**Task**
Copy out exactly the lines spanning the line with "Tkanina z vzorcem" to the line with "Andre-Frank Zambo Anguissa", inclusive, from the data underneath, with no pictures.
=== Supplied records ===
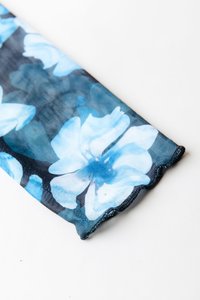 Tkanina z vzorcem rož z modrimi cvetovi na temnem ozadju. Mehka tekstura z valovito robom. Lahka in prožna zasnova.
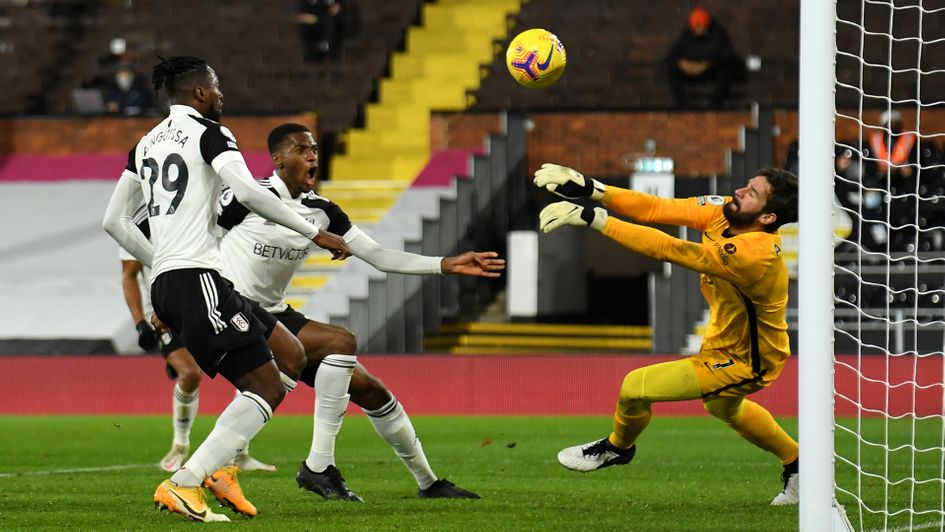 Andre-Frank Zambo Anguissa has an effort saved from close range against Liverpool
===
=== Supplied records ===
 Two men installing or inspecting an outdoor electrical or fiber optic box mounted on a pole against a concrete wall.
===
=== Supplied records ===
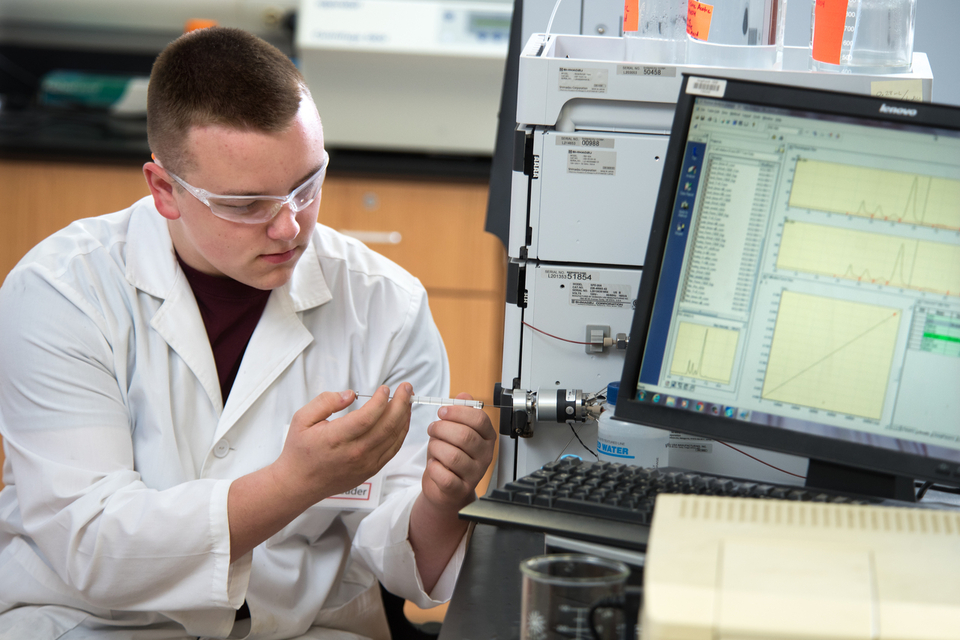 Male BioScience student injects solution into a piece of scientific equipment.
===
**Expected answer**
 Tkanina z vzorcem rož z modrimi cvetovi na temnem ozadju. Mehka tekstura z valovito robom. Lahka in prožna zasnova.
 Andre-Frank Zambo Anguissa has an effort saved from close range against Liverpool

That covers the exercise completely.